### PROBLEM TO SOLVE
Repeat only the lines between the one with "Szakács kabát,M es méret, 3 db" and the end of the material below, both ends included. Omit any picture.
━━━━━━━━━━━━━━━━━━━━━━━━━━━━━━
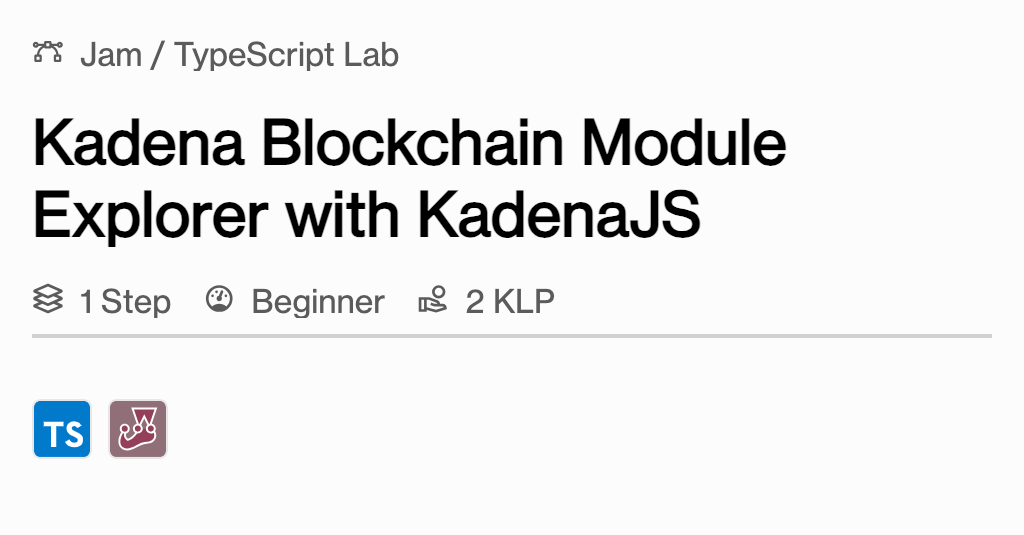 Kadena Academy, learn how to build Web3 dApps on Kadena — Learn how to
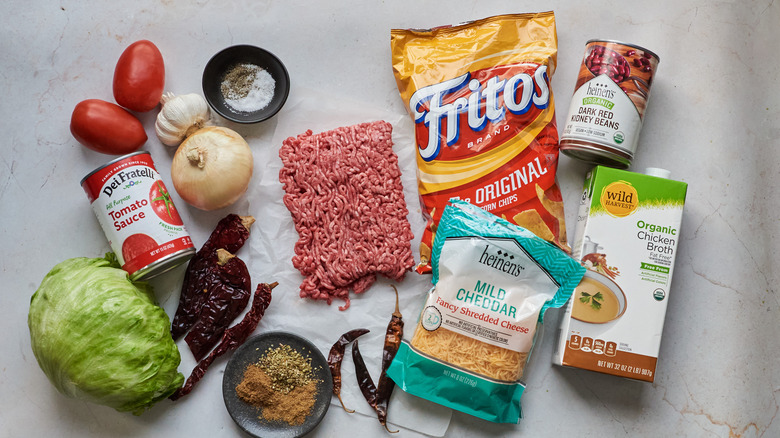 ingredients on a table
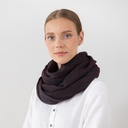 Fabiene wool scarf - Brown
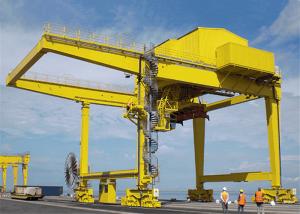 China Sea Port RMG Rail Mounted Container Gantry Crane Double Girders Beams 60t 100t on sale 
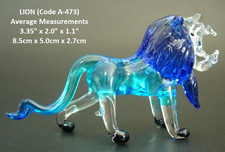 Turquoise Glass LION Beautiful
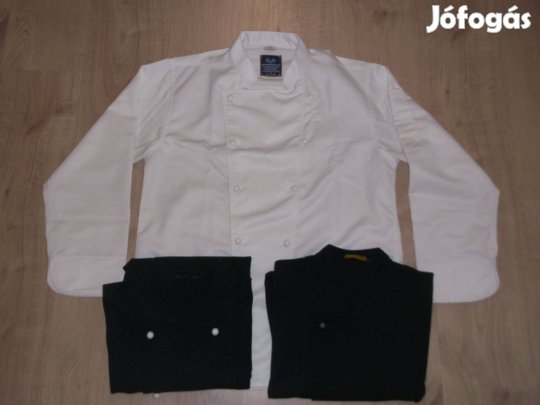 Szakács kabát,M es méret, 3 db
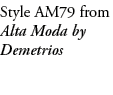 Style AM79 from Alta Moda by Demetrios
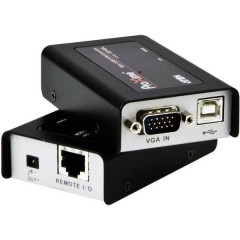 VGA, USB 2.0 Extender (Estensore) su cavo di rete RJ45 100 m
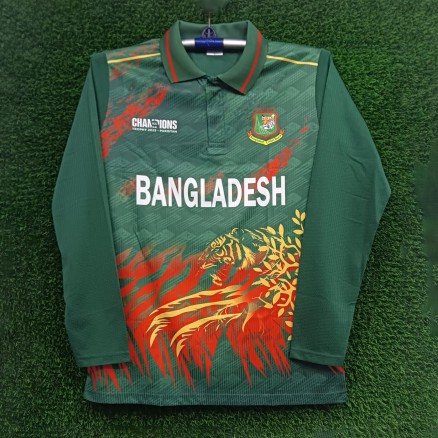 Bangladesh Cricket Full Sleeve Embroidery Football Jersey For Men_6149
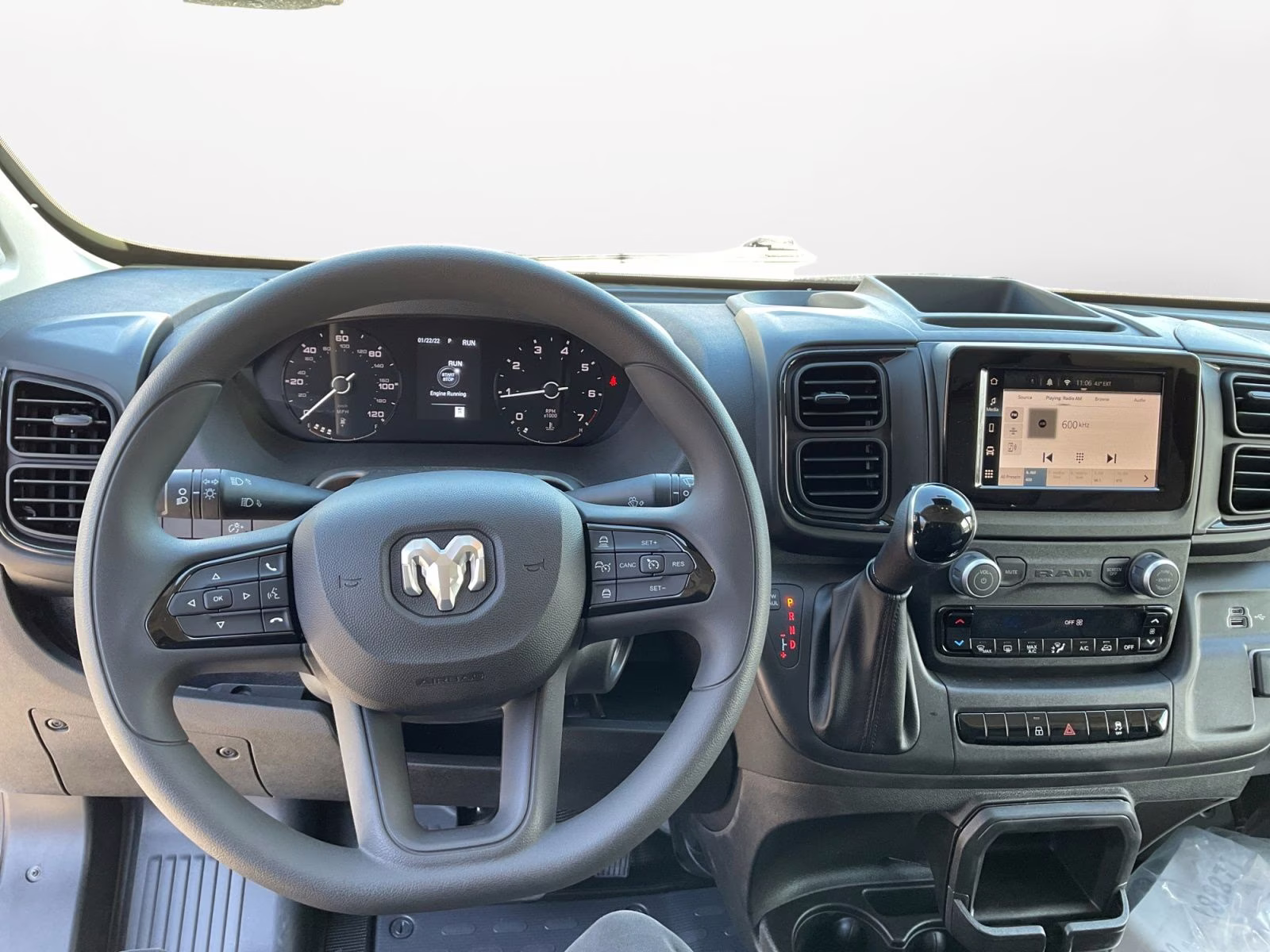 2026 Bright White Clearcoat Ram ProMaster 2500 High Roof FWD Van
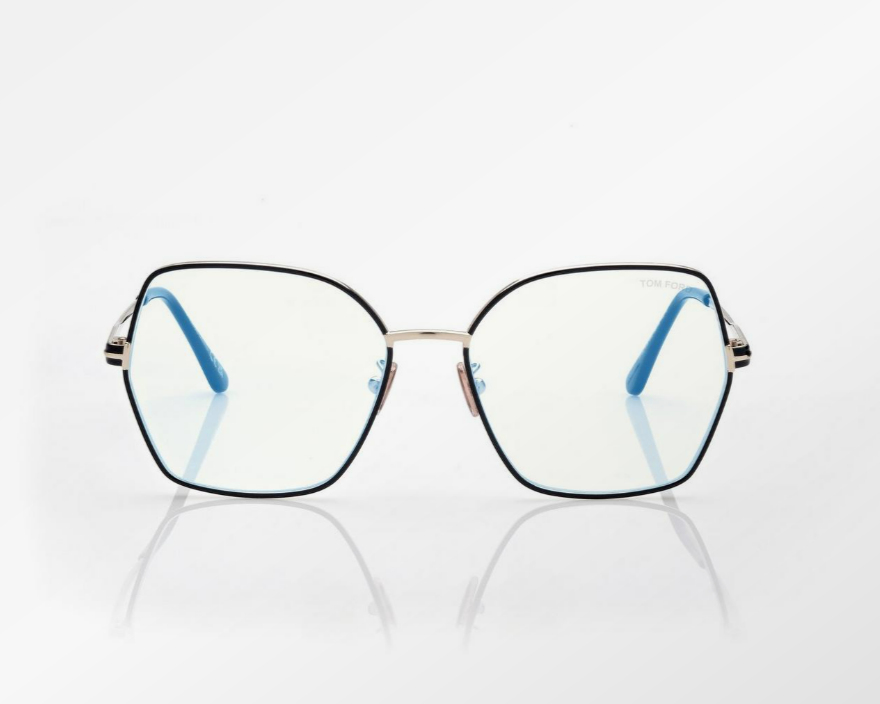 Tom Ford Blue Block Butterfly Eyeglasses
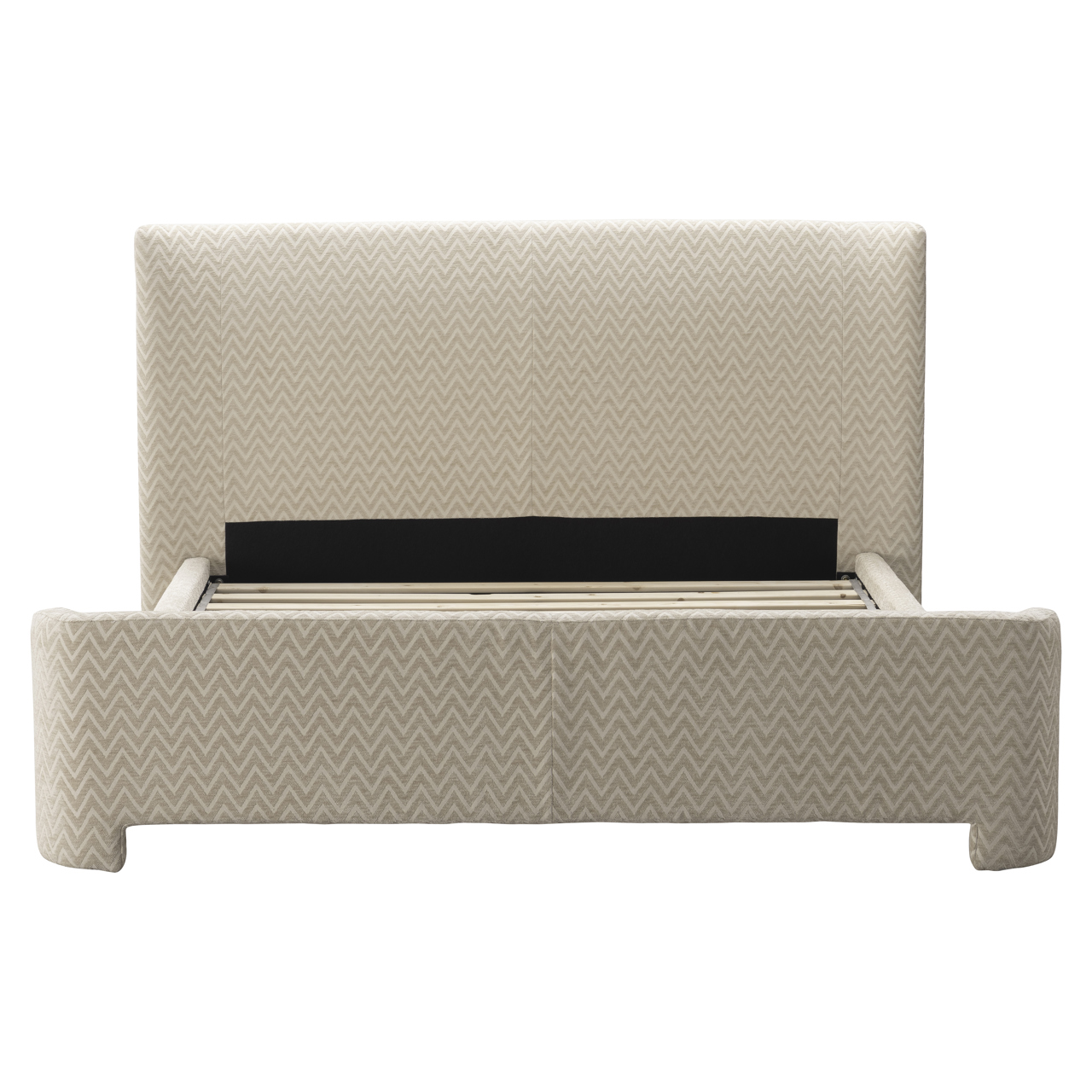 - Bed Divana beige chevron 160x200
━━━━━━━━━━━━━━━━━━━━━━━━━━━━━━
### ANSWER TO THE EXERCISE
 Szakács kabát,M es méret, 3 db
 Style AM79 from Alta Moda by Demetrios
 VGA, USB 2.0 Extender (Estensore) su cavo di rete RJ45 100 m
 Bangladesh Cricket Full Sleeve Embroidery Football Jersey For Men_6149
 2026 Bright White Clearcoat Ram ProMaster 2500 High Roof FWD Van
 Tom Ford Blue Block Butterfly Eyeglasses
 - Bed Divana beige chevron 160x200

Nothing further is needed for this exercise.